Eagle to enter final phase of $28 million overhaul

The United States Coast Guard barque Eagle approaches Fort Trumbull State Park in New London on May 5, 2016. The Eagle soon will enter the final phase of a maintenance project that will, among other things, install a new engine in the ship.  (Sean D. Elliot/The Day)
The United States Coast Guard barque Eagle approaches Fort Trumbull State Park in New London on May 5, 2016. The Eagle soon will enter the final phase of a maintenance project that will, among other things, install a new engine in the ship. (Sean D. Elliot/The Day)

New London's favorite tall ship, the Coast Guard barque Eagle, is about to enter into the final phase of a $28 million maintenance project to extend the ship's life by 15 years.

The Eagle will dock this weekend in New York, where it will drop off the last contingent of new Coast Guard Academy cadets on board for summer training, before heading to Virginia to pick up officer candidates for their training cruise.

In early September, the ship will return to the Coast Guard yard in Baltimore, its temporary home since 2014, when the maintenance project began.

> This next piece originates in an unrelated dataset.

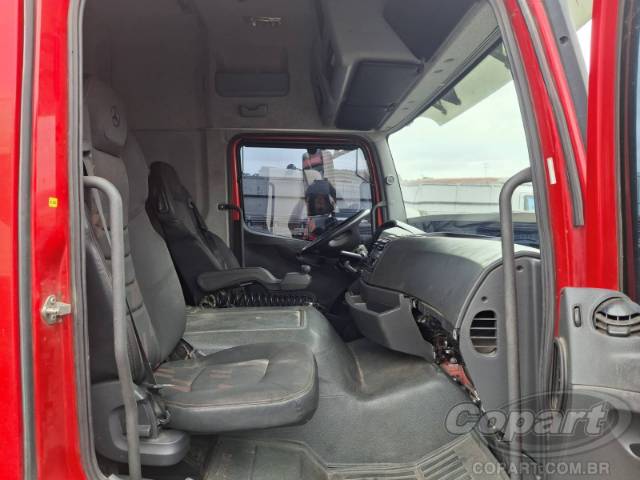 2021 MERCEDES BENZ ATEGO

Many of the Baltimore yard's nearly 550 employees will spend the ensuing six months working on some aspect of the Eagle's maintenance, and will have to work around winter weather and a tight schedule.

Built in 1936 by the Nazis, the Eagle last underwent a major overhaul from 1978 to 1982.

The latest overhaul is being carried out in four phases to maintain the Eagle's summer training schedule.

This fourth and final phase will be the most complex, according to Lt.j.g. Charles Lortz, ship superintendent at the Baltimore yard, because it will involve replacing the ship's main propulsion system, including a new German-made engine. The Eagle's current, diesel-powered engine has been in use since about 1985.

This phase of maintenance will require cutting large holes in the ship in order to remove the engine. The pilot house, from which the ship is navigated, will have to be removed to make space for the engine to be hoisted out. The yard is building a specific lifting rig to remove the engine, Lortz said.

Previous maintenance included refurbishing living quarters, upgrading the HVAC system onboard, lead remediation and hull plate renewal, among other upgrades.

Eagle's homeport is expected to shift back to New London in 2019. The ship was expected to return to New London in 2018. Officials did not provide a reason for the date being pushed back.